With Finals week around the corner, I find myself reflecting on the chaos and the awesomeness of this semester of my life. One thing that I've always loved about being a teacher is the defined beginning and ending of each season within which I work. This year, since my students will be moving on to new classes in the spring rather than coming back to English class, I find myself feeling oddly nostalgic already. Teaching kids for only a semester is so bittersweet. I'm saying goodbye to such a fun, interesting group of students; I'm so excited for a restful Christmas break, but I am definitely sad to think that I won't see this group of kids everyday when we return in January. I feel like I'm really just getting to know some of them.

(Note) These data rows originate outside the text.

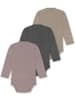 Normani Outdoor Sports 3er Set Baby-Body Wickelbody Toddler-Bodysuit in Beige/Anthrazit/Rosa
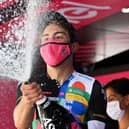 Alberto Bettiol celebrates after winning the 18th stage of the Giro d'Italia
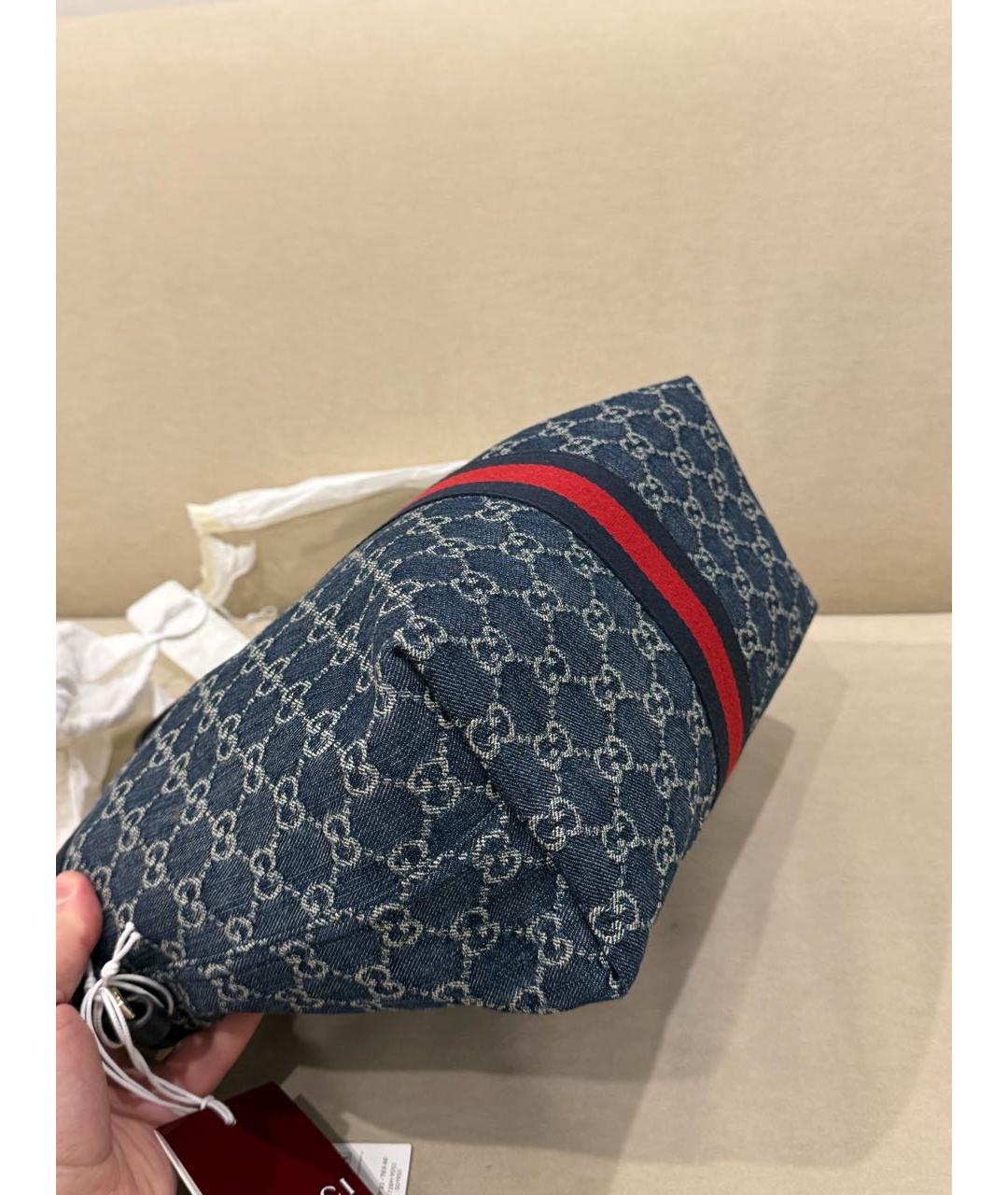 GUCCI Темно-синяя деним сумка тоут, фото 6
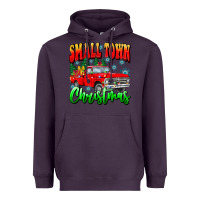 Plum Small town Christmas Heavyweight Hoodie - CowhideDigitalArt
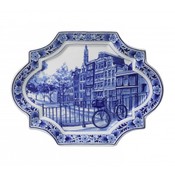 Heinen Delftware Wall Plate - Delft Blue Applique Horizontal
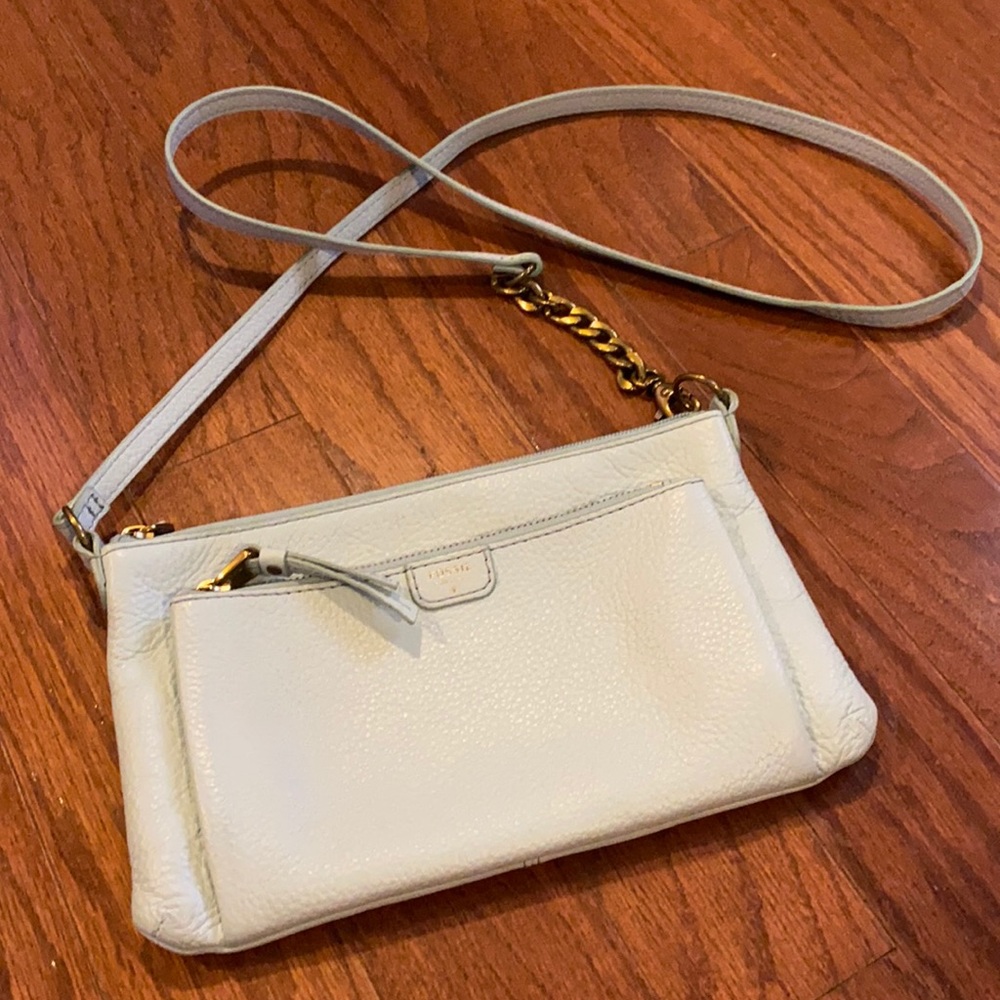 Fossil Light Blue Leather Crossbody Bag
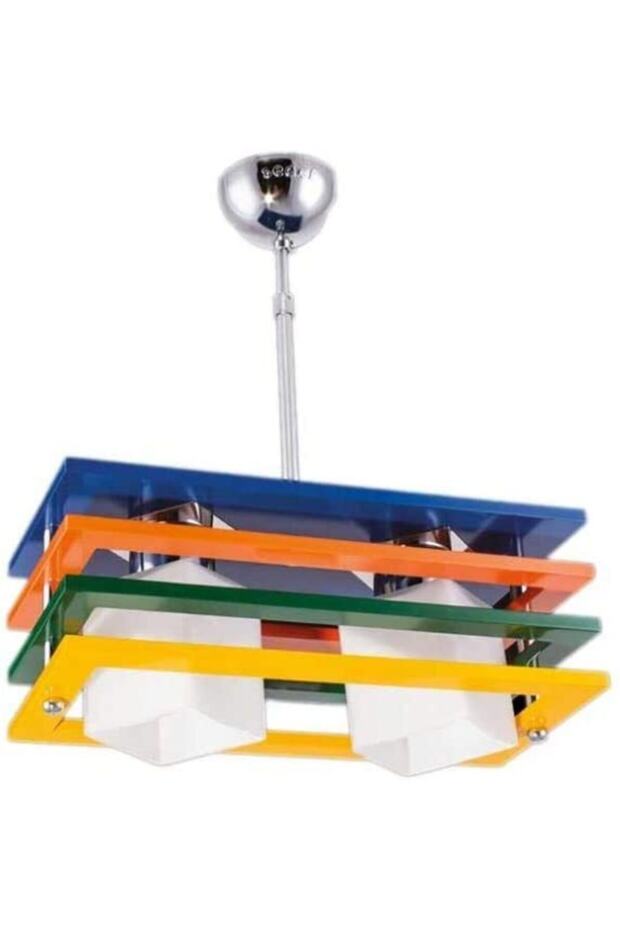 Sedef 9425-2 Karma 2'li Ahşap Avize - Renkli - 1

In reflecting on this semester, I realized that one thing I've really tried to stress through the literature we've read is the importance of thinking for oneself. I want my students to be free thinkers. I want them to be confident in their own ability to justify their opinions. I want them to pull away from the group think of the herd and figure things out for themselves. That is so hard in high school. Let's be real, it's difficult in adulthood, too. There is so much pressure to keep your head down and fit in; there is so much pressure to do what you're "supposed" to do. Society constantly tries to dictate our choices if we let it.
As I scroll through the news and social media lately, I can't help but start to worry about this herd mentality, this lack of critical thinking in our society. Our kids have to learn to look critically and objectively at a problem and decide for themselves what they believe about that problem and its solution. There's a lot of danger in the alternative.
I've also found that removing the "right" answers has been liberating for many of my students this semester. Students that have been told for most of their secondary education that they aren't "good at school" have opened up and flourished in an environment of inquiry, a place where it's safe to ask questions and struggle and fail forward.
I'm so thankful everyday for the opportunity to be a part of this journey with my students. I love that I get to build a community of learning where we walk through open doors of thought instead of standing in front of closed doors of conformity and wrong answers and doing what's always been done.
This semester, I feel like I've stretched myself as a teacher more than I ever have before. Having a clean slate to plan a course gave me the freedom to take things I've always wanted to do and do them. It gave me the courage to change it up because what did I really have to lose? It's been frustrating and intense and stressful at times, but it's definitely been worth it. If I'm going to ask kids to struggle, then it's only fair that I join them in that struggle to be better every day. I'll just tell you this. It's been a great struggle so far.